In complicated situations, QFD, also named FIOQ, can be used to map (i.e., translate) the problem now framed by goals and metrics with targets into solutions. This approach was discussed in Chapter 3 and 4 and is shown in Figures 3.10 and 4.10. QFD provides a structured framework for translating critical-to-customer outcomes into new features and functions, helps communication across functional teams, identifies design constraints and trade-offs, incorporates competitive benchmarking, and helps visualization of critical-to-customer prioritization.

Several different solutions may come out of the ideate phase. These will need to be evaluated attribute by attribute for their impact on the design goals. A Pugh matrix can be used to move toward a single candidate or perhaps a combination of several ideas into one solution to prototype. Recall that, in using the Pugh method, one solution is chosen as the baseline design and the other solutions (designs) are evaluated attribute by attribute in comparison to this baseline, using a +1 if the attribute is better or -1 if the attribute is worse. The alternative with the highest score is chosen as the prototype candidate and modified if its attributes were ranked lower than other solution alternatives. The result is a superior solution to prototype.

In the fourth phase of design thinking, a prototype is created to demonstrate how the solution (now the best design concept) works. A prototype is a physical, conceptual, or virtual representation of a new design, both aesthetically and functionally, and it is sufficient to enable evaluation for a test by persona and use case under controlled conditions. A prototype demonstrates key process features and is a working model of the new design. It usually has a limited performance range, but it can be tested by customers and stakeholders to provide useful feedback prior to more extensive testing. Testing or piloting a prototype under limited real-world conditions helps verify that performance meets the original goals. It is a small-scale yet complete real-life representation of design performance that is usually limited to a single location or time. Examples include testing a new operational procedure with a few workers, test marketing new financial services with one customer, implementing a new employee- evaluation system with a limited number of managers, or testing new supplier-rating system with a few suppliers. Design thinking is an alternative design methodology and is compatible with DFSS, Agile Product Development, and other recent design methodologies.


Design is a competitive differentiator that drives demand and most of an organization’s costs. The more complex a design, the higher the total organizational costs and resources it requires. Poor design, including high design complexity, increases lead times and reduces overall quality of a product and its supporting systems. Designs should be globally and locally adaptable based on customer preferences. They should be easy to produce and use over their life cycles. They should be transferable from one region to another without a requalification. DFM and mass customization principles should be employed within a framework such as Six Sigma, design thinking, Agile, or another integrating philosophy. Designs should enable systems to be easily and cost effectively scaled to higher performance levels as technology evolves over time.

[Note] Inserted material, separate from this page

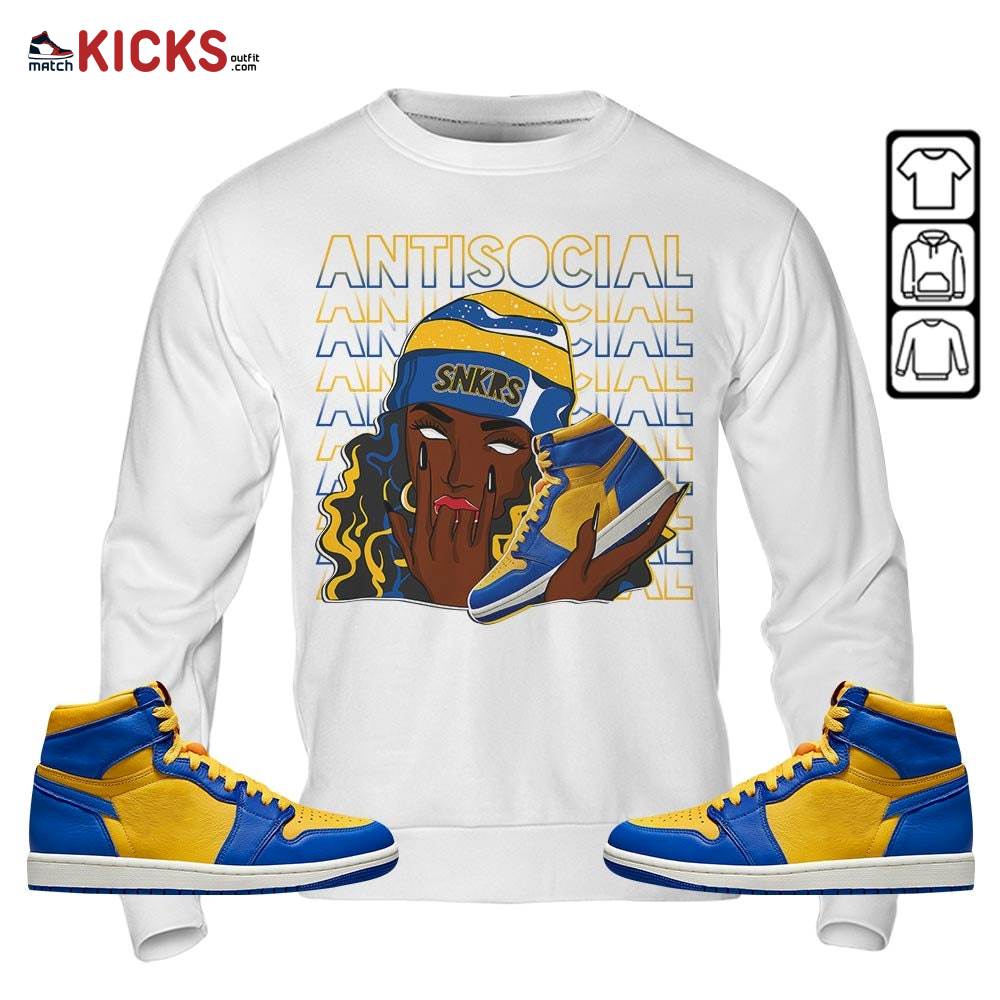 Antisocial Girl Sneaker Shirt Match 2023 Laney 1s, Jordan 1 Retro High Laney MKO Sweatshirt Antisocial Girl Sneaker Shirt Match 2023 Laney 1s, Jordan 1 Retro High Laney MKO Sweatshirt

Best practice designs use concurrent engineering (CE) to manage the design process within a DFSS, design thinking, or Agile framework; use DFM to design products and services that are easily produced for customers; apply QFD methods to minimize variation and effectively translate the VOC into design features and functions; use DFSS methods to understand how components interact to provide functions, dimensions, and other product features; meet global and local standards to expand marketing and sales opportunities; apply mass customization tools, methods and concepts to reduce the order-to-delivery lead time; and outsource work that can be done more efficiently elsewhere.